* EXERCISE DESCRIPTION: Write every record below out exactly; no images.
━━━━━━━━
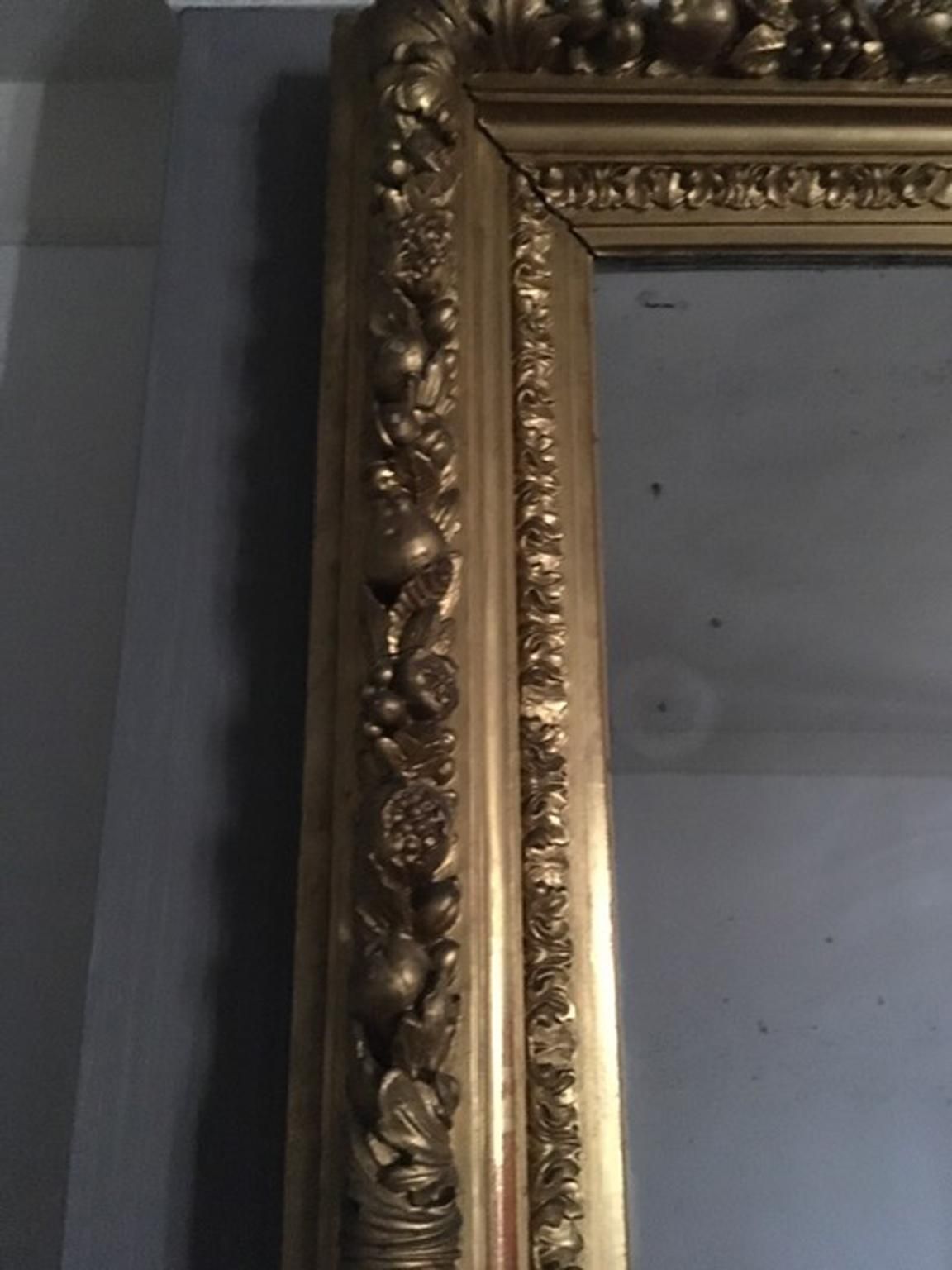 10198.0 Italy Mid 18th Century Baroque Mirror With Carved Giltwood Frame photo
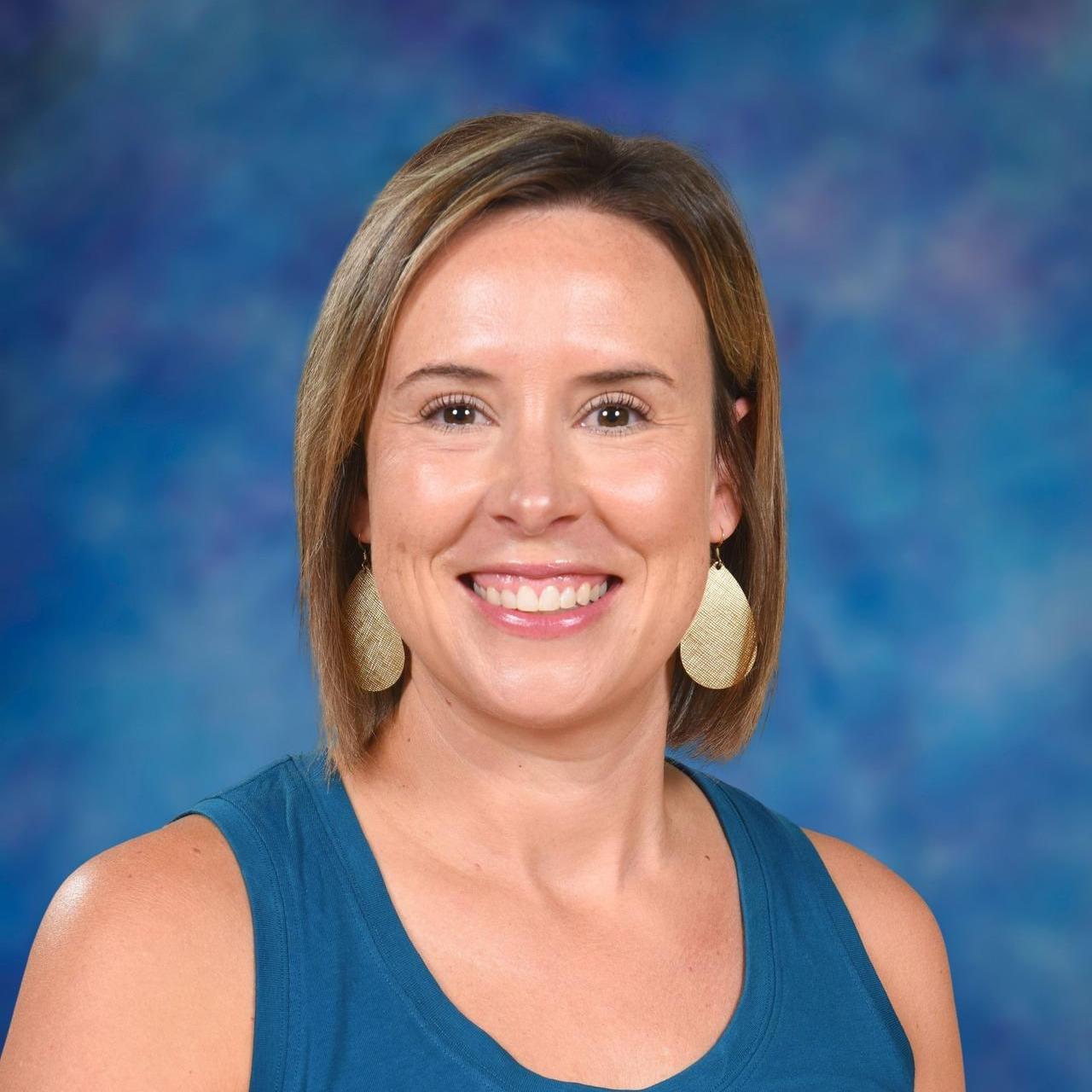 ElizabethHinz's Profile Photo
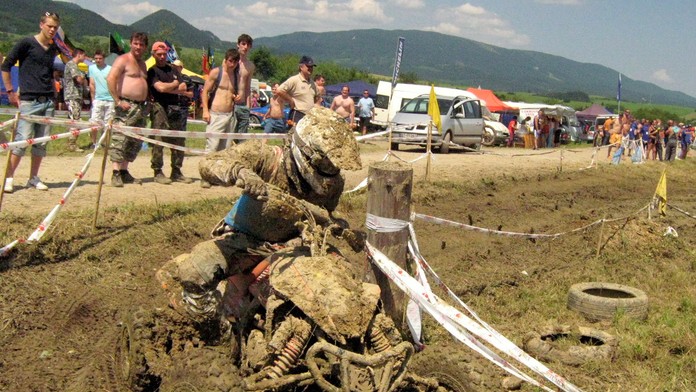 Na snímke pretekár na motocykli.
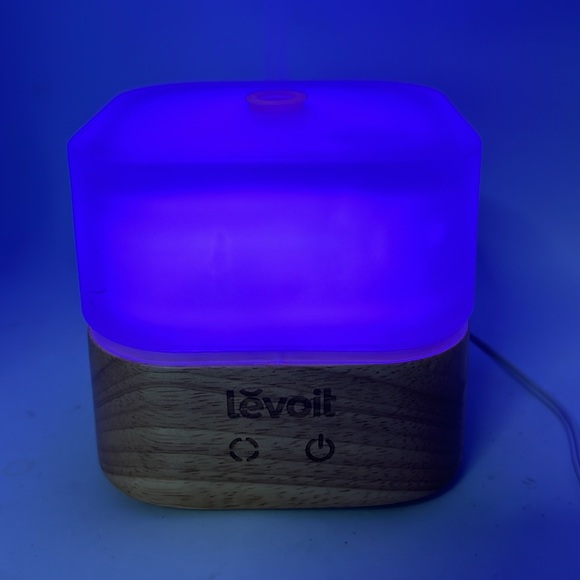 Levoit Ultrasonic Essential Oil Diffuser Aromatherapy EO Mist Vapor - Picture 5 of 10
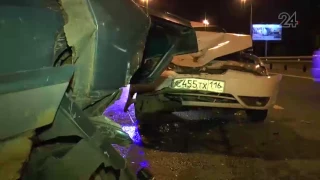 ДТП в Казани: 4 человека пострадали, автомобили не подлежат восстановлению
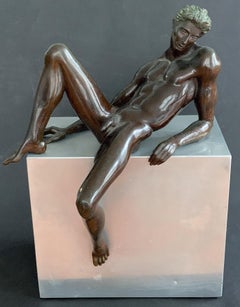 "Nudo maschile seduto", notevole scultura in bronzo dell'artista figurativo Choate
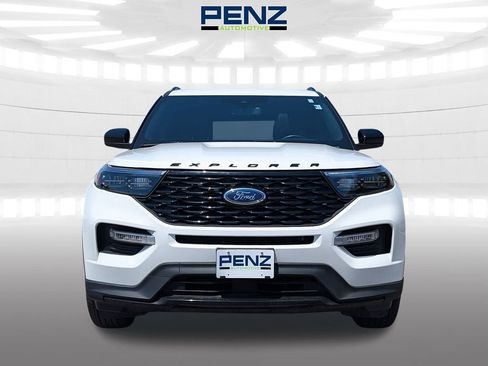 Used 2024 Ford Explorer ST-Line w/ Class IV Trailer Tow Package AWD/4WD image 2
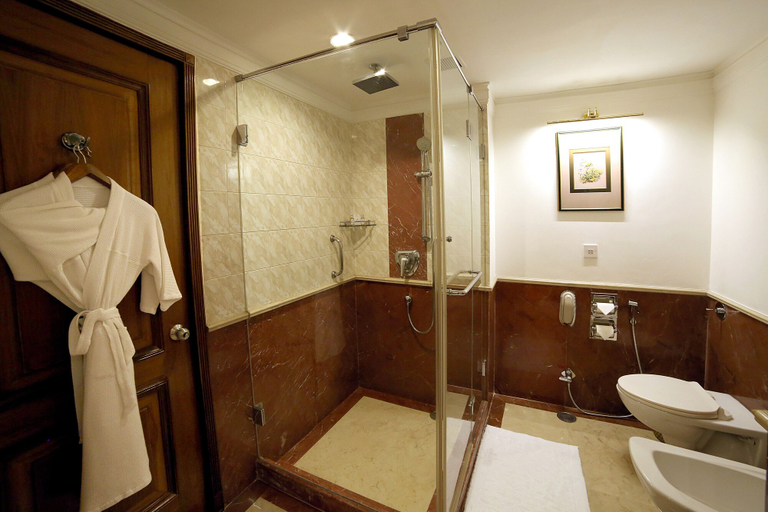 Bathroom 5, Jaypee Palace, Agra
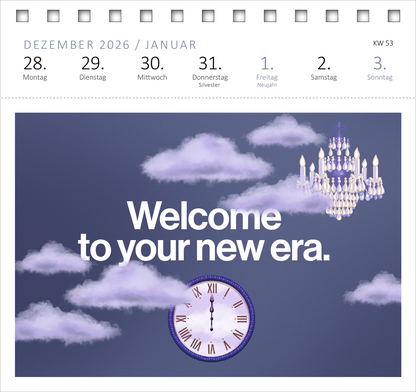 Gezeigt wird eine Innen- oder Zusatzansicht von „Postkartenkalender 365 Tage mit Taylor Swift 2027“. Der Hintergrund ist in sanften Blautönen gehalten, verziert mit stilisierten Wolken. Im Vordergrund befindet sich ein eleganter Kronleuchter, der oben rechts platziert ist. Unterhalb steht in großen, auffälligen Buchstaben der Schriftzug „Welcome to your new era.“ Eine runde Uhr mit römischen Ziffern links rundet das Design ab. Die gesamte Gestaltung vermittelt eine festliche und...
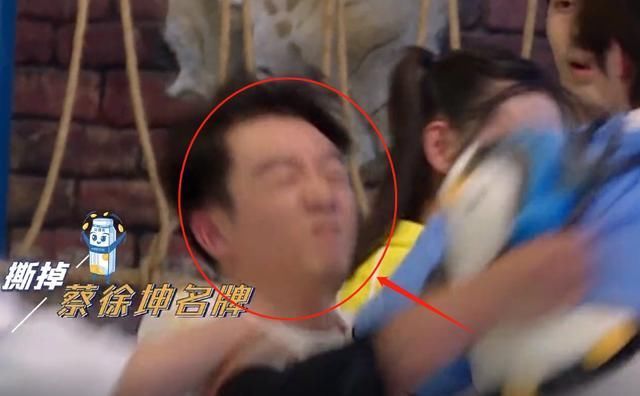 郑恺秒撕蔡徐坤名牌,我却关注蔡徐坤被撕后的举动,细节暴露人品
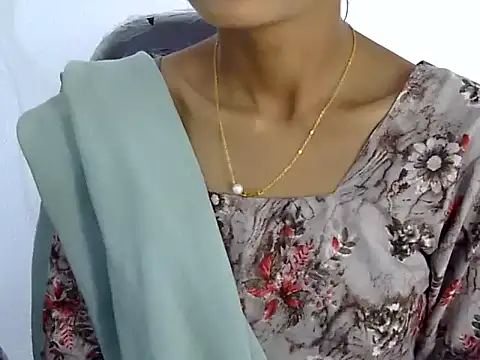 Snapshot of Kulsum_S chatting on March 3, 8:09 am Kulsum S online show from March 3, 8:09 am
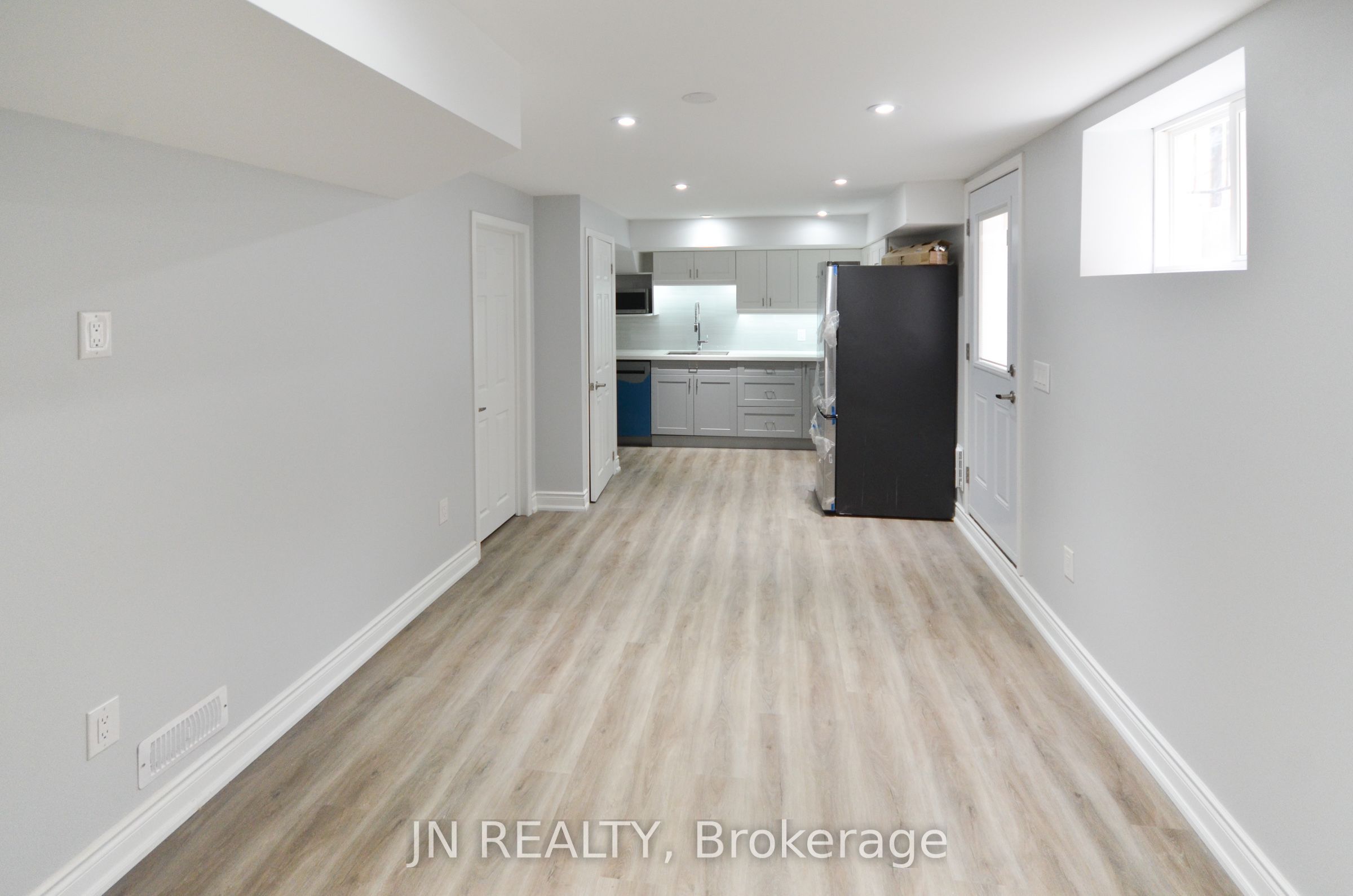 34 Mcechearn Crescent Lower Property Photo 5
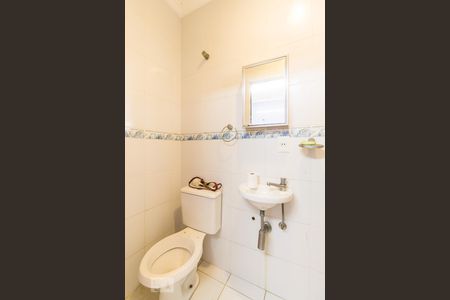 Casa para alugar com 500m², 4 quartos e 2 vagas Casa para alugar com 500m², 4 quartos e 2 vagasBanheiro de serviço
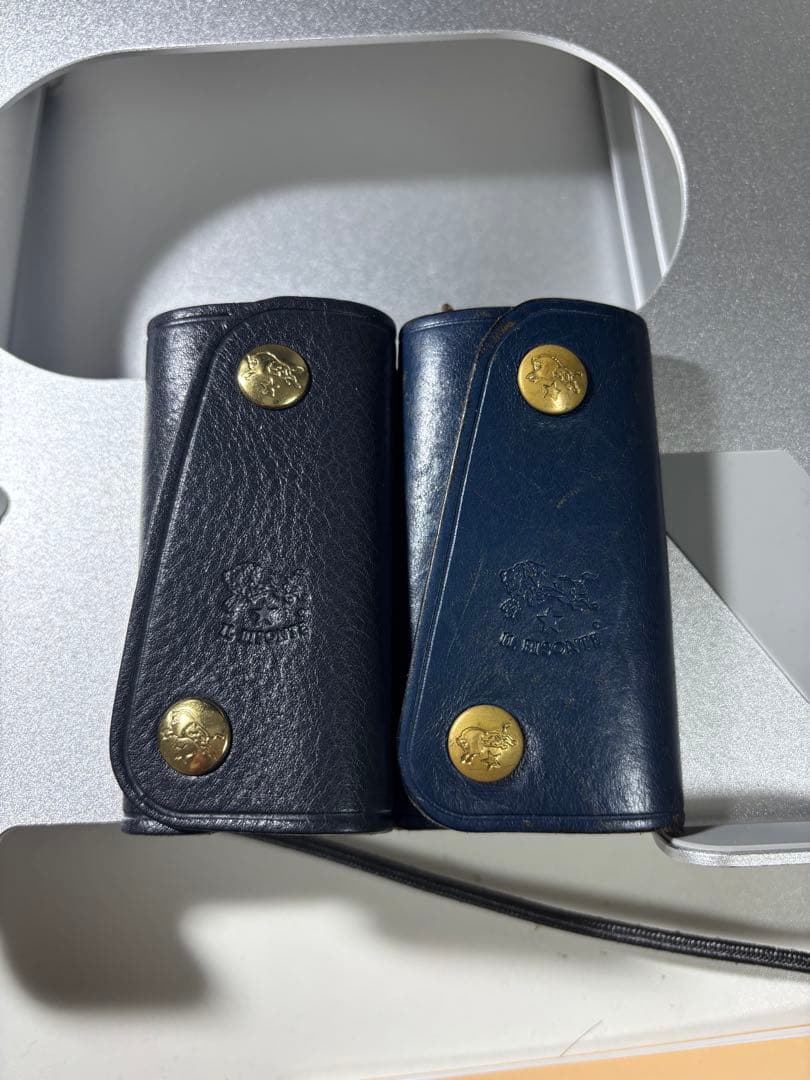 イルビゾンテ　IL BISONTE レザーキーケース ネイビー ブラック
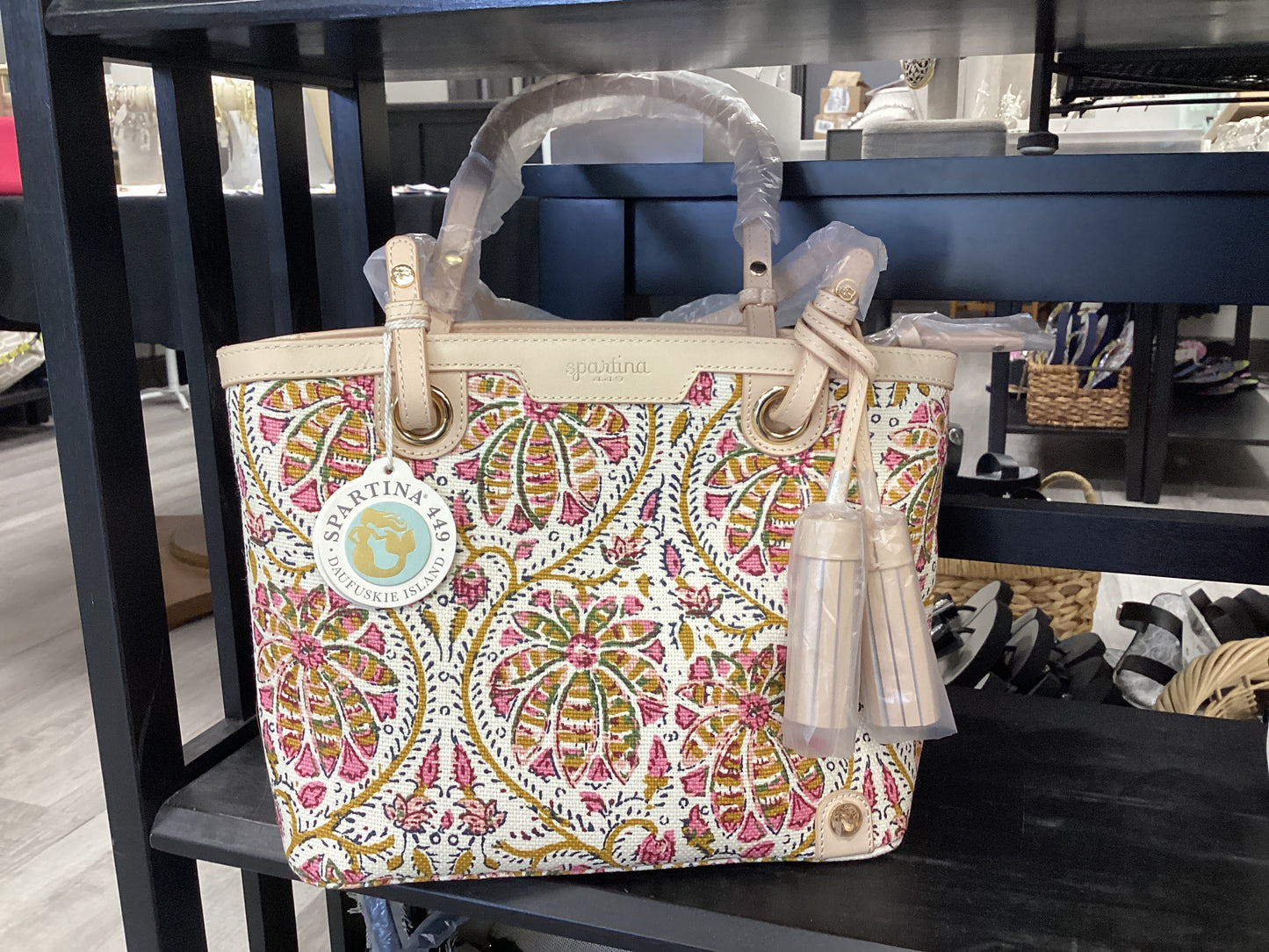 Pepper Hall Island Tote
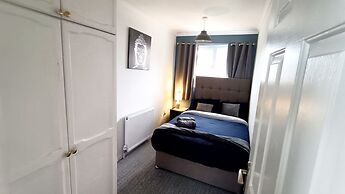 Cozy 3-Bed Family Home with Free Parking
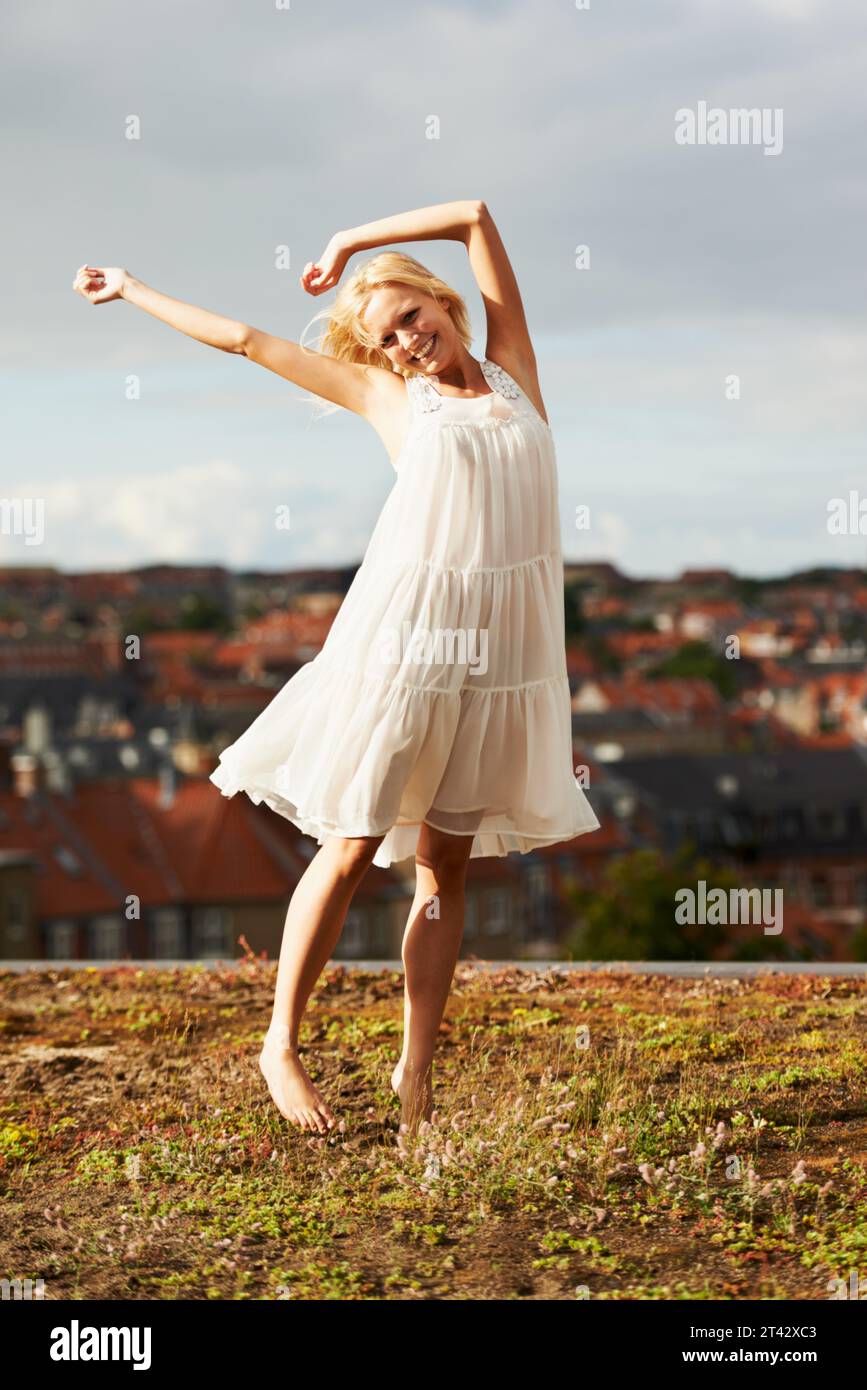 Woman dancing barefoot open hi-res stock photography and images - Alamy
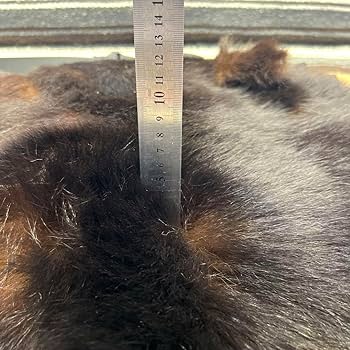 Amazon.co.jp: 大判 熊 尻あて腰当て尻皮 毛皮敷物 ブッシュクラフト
━━━━━━━━
* RESPONSE:
 10198.0 Italy Mid 18th Century Baroque Mirror With Carved Giltwood Frame photo
 ElizabethHinz's Profile Photo
 Na snímke pretekár na motocykli.
 Levoit Ultrasonic Essential Oil Diffuser Aromatherapy EO Mist Vapor - Picture 5 of 10
 ДТП в Казани: 4 человека пострадали, автомобили не подлежат восстановлению
 "Nudo maschile seduto", notevole scultura in bronzo dell'artista figurativo Choate
 Used 2024 Ford Explorer ST-Line w/ Class IV Trailer Tow Package AWD/4WD image 2
 Bathroom 5, Jaypee Palace, Agra
 Gezeigt wird eine Innen- oder Zusatzansicht von „Postkartenkalender 365 Tage mit Taylor Swift 2027“. Der Hintergrund ist in sanften Blautönen gehalten, verziert mit stilisierten Wolken. Im Vordergrund befindet sich ein eleganter Kronleuchter, der oben rechts platziert ist. Unterhalb steht in großen, auffälligen Buchstaben der Schriftzug „Welcome to your new era.“ Eine runde Uhr mit römischen Ziffern links rundet das Design ab. Die gesamte Gestaltung vermittelt eine festliche und...
 郑恺秒撕蔡徐坤名牌,我却关注蔡徐坤被撕后的举动,细节暴露人品
 Snapshot of Kulsum_S chatting on March 3, 8:09 am Kulsum S online show from March 3, 8:09 am
 34 Mcechearn Crescent Lower Property Photo 5
 Casa para alugar com 500m², 4 quartos e 2 vagas Casa para alugar com 500m², 4 quartos e 2 vagasBanheiro de serviço
 イルビゾンテ　IL BISONTE レザーキーケース ネイビー ブラック
 Pepper Hall Island Tote
 Cozy 3-Bed Family Home with Free Parking
 Woman dancing barefoot open hi-res stock photography and images - Alamy
 Amazon.co.jp: 大判 熊 尻あて腰当て尻皮 毛皮敷物 ブッシュクラフト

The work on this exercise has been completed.